The company based in USA, with an Australian office, believe their product, which resembles a rolled sheet of pills for a giant, makes a significant difference to indoor temperature variations. In one test a control building without BioPCM exhibited a temperature swing of 13°C, compared to only a 3°C variance in the identical structure that otherwise deployed BioPCM. Architectural firm Positive Footprintsworked with BioPCM for their 9-star reverse brick veneer residential project in Victoria.
And whilst BASF Micronal can be combined cement to form a phase change concrete floor BioPCM can be install directly under timber floor boards. In doing so, Phase Change Energy Solutions maintain such flooring delivers more effective thermal mass than concrete, but with just two per cent the weight of concrete.
Below: Click on the image to see a case study where BioPCM was used in place of bricks for a reverse brick veneer walling system. Image: Sollar Sellew by Positive Footprints.
Tate Access Floors also use PCMs in flooring, but with a couple of twists. Firstly their EcoCore panels (pictured above) are used for raised access floors, that allow for an office’s services, like cabling and air conditioning, to be hidden underneath. Secondly, they advocate a perimeter placement of the panels on sunward side of building. As heat enters the office, the phase change materials mixed with structural cement and contained within steel welded shells absorb this increased temperature. Tests performed by Tate suggest their system can reduce air conditioning demand by 17.7 per cent, when contrasted with a typical concrete slab floor.

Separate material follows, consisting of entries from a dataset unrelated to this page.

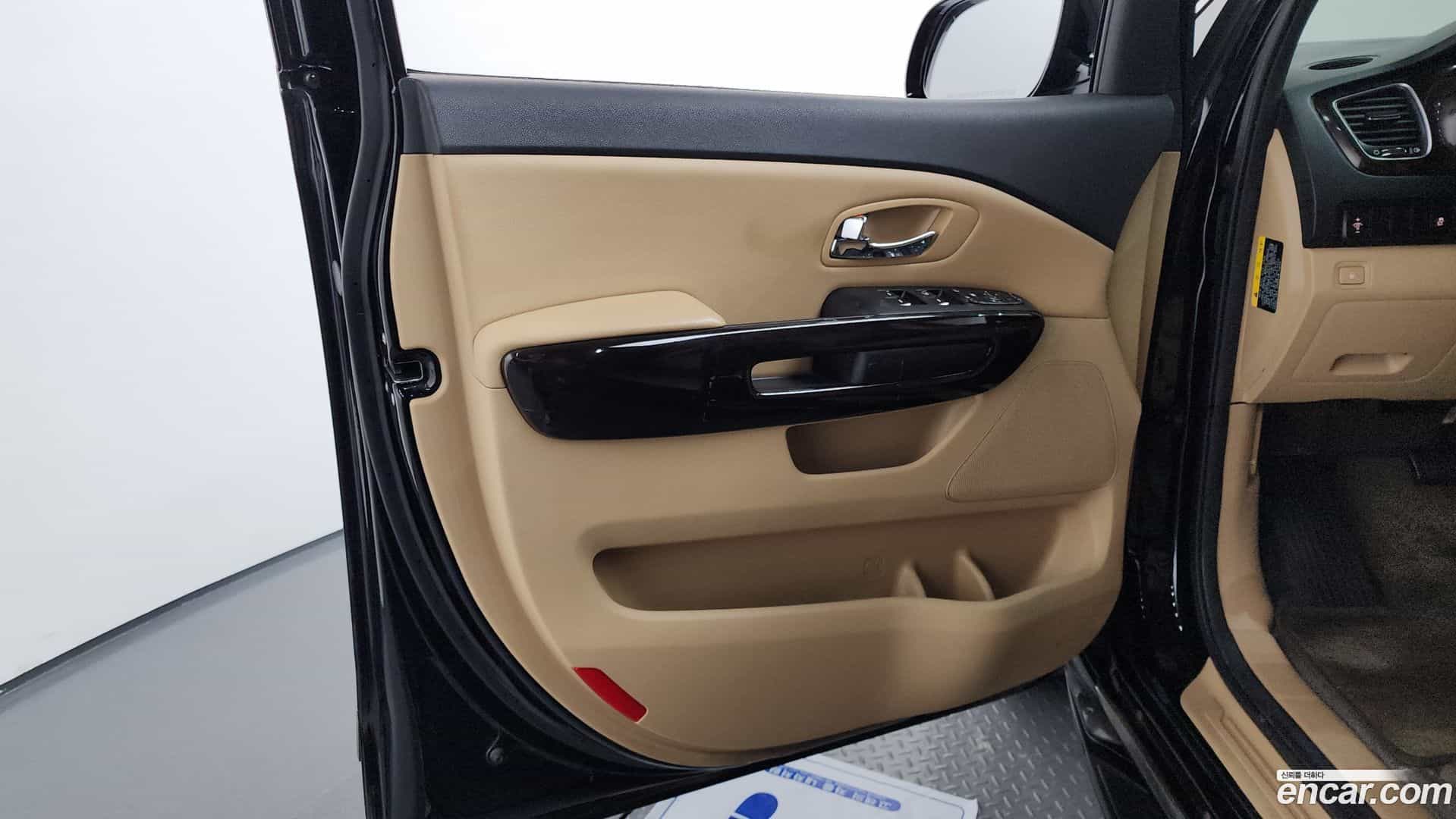 Canival Kia 2018.3-INNER-035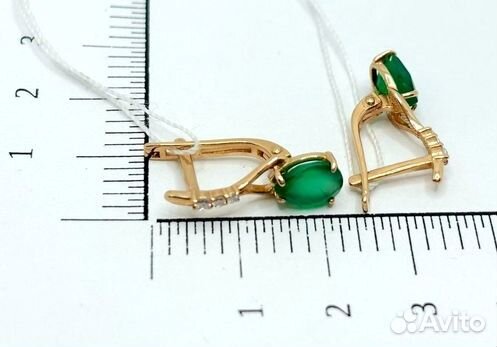 Золотые серьги с камнем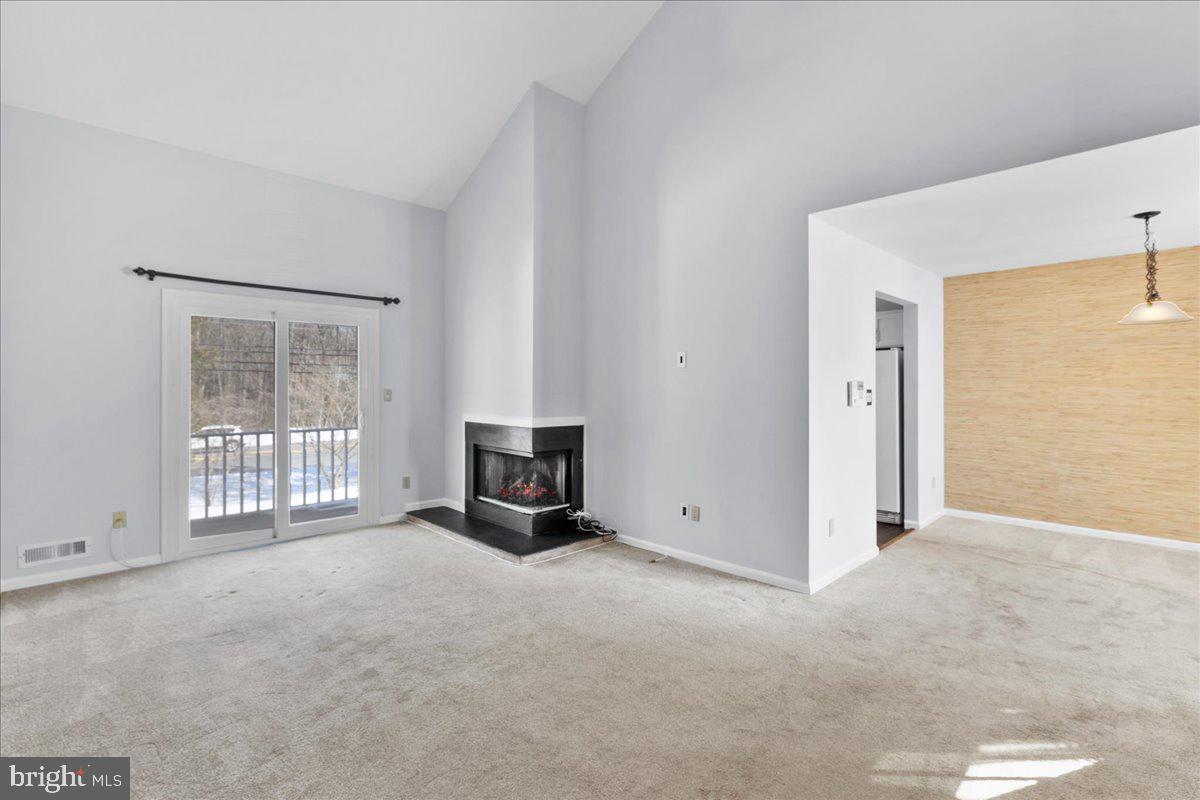 222 STEEPLECHASE COURT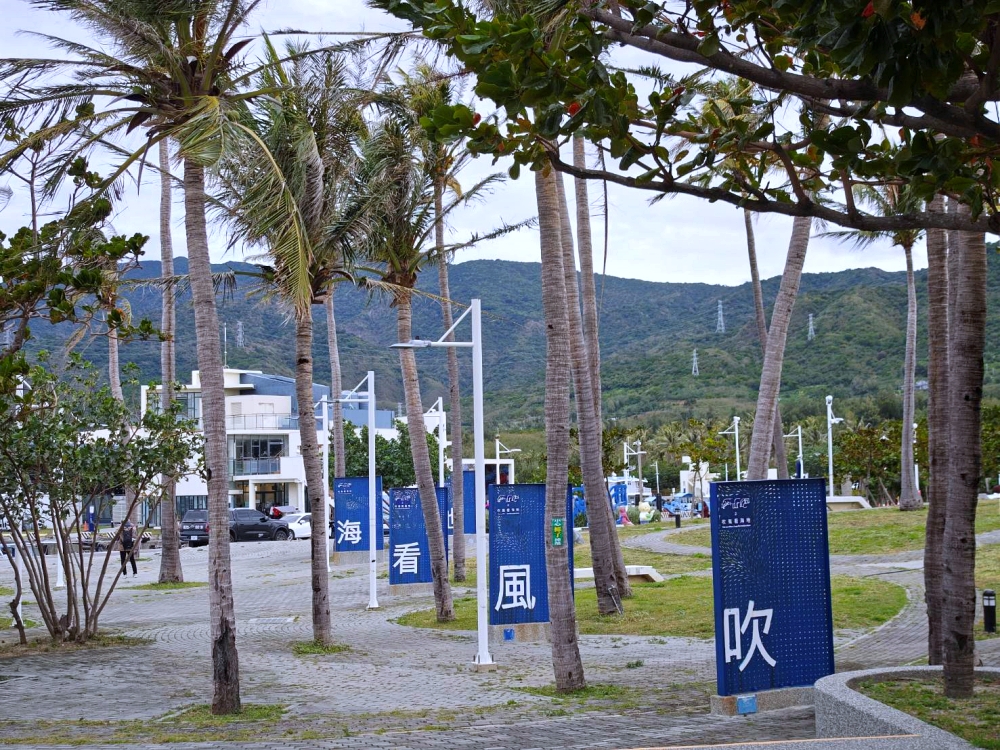 看海美術館 | 超療癒貓貓小鎮！屏東海口免門票的海邊美術館，墾丁順遊行程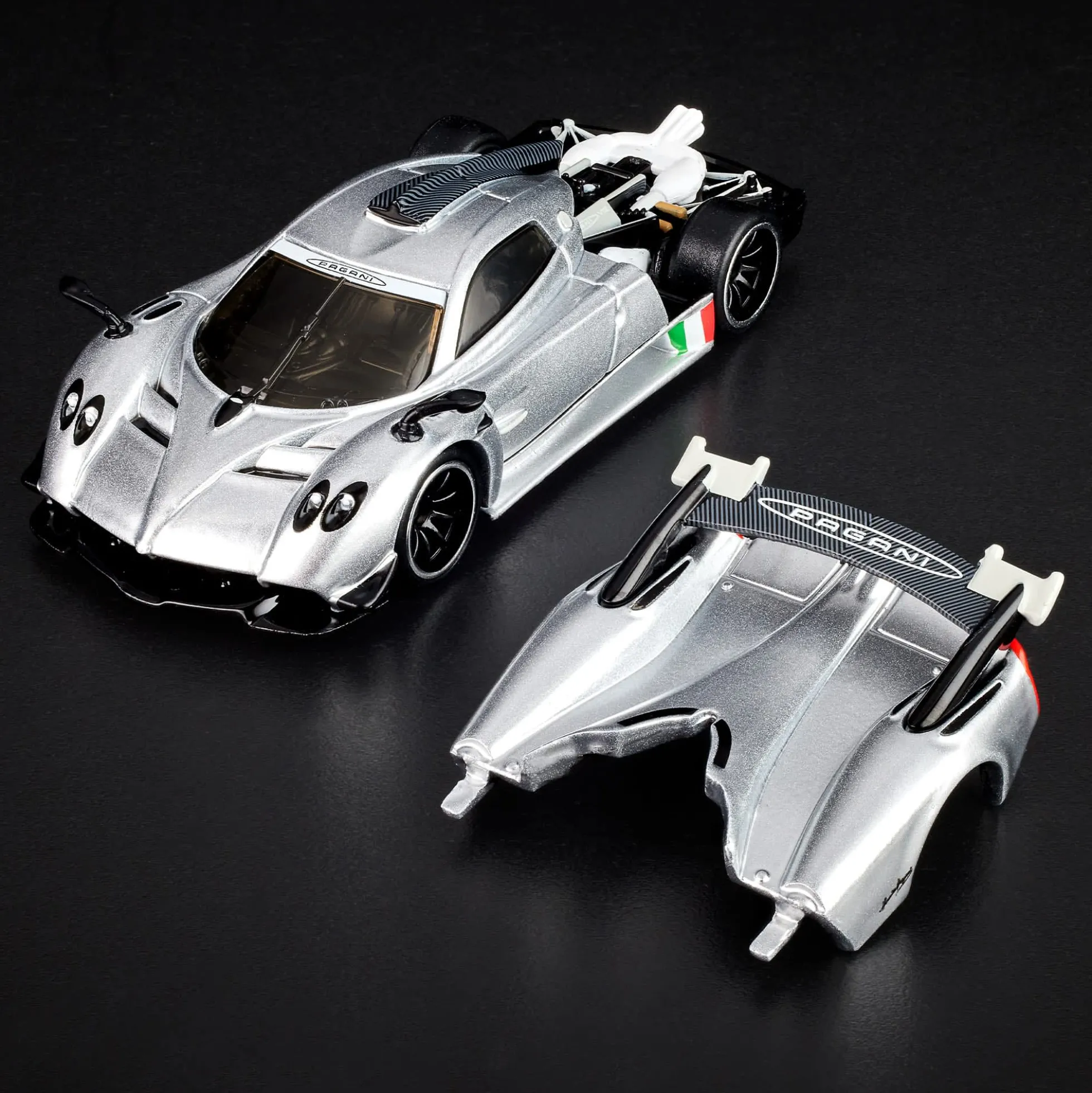 Hot Wheels RLC Exclusive ’21 Pagani Huayra R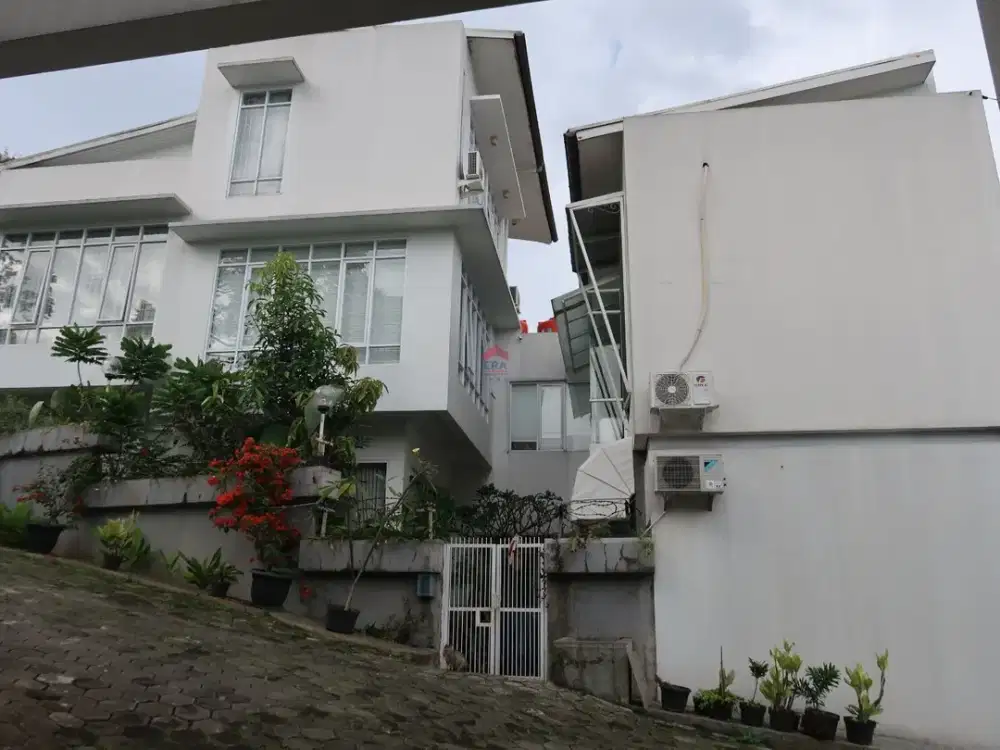 Rumah homey di Dago atas Lokasinya hanya 200 m dari Jalan raya utama Ir H Juanda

Floors and walls aren’t the only building products utilising phase change materials. One of the more intriguing adoptions of PCMs is GlassX’s Crystal product (pictured below), which the Swiss firm believe “makes it possible to replace solid walls with glass elements.” Crystal is essentially a quadrupled glazed window. Positioned between two of the panes is a translucent salt-hydrate PCM. The 79mm thick glazing unit is credited with absorbing “about the same amount of energy as a 400 mm thickness of concrete.” But here is the extra kicker: with the PCM in its crystalline state, the panel transmits between up to 28 per cent of visible light, and up to 45 per cent in its liquid phase. Thus, a thermal mass external wall that allows the passage of diffused sunlight.
Phase change IGUs can be employed more incongruously across a glazed building than other materials. Image: GlassX.
We’ll conclude with yet another variation. Perth-based Phase Change Products have their High Efficiency Thermal Air Conditioning (HETAC) system regulated by phase change materials in a storage tank connected to an air conditioner. (click to enlarge image)
Warm building air is transferred to the tank, where the biodegradable, non-toxic PCMs suck up the heat. In the evening the AC systems cools down the PCM storage tank preparing it for the next day’s heat exchange. It results in a 50 per cent energy saving, compared with conventional air conditioning.
As we readily say, the above is but a taster, in this case, of the many innovative applications that Phase Change Materials can configured for. Science fiction made architectural reality.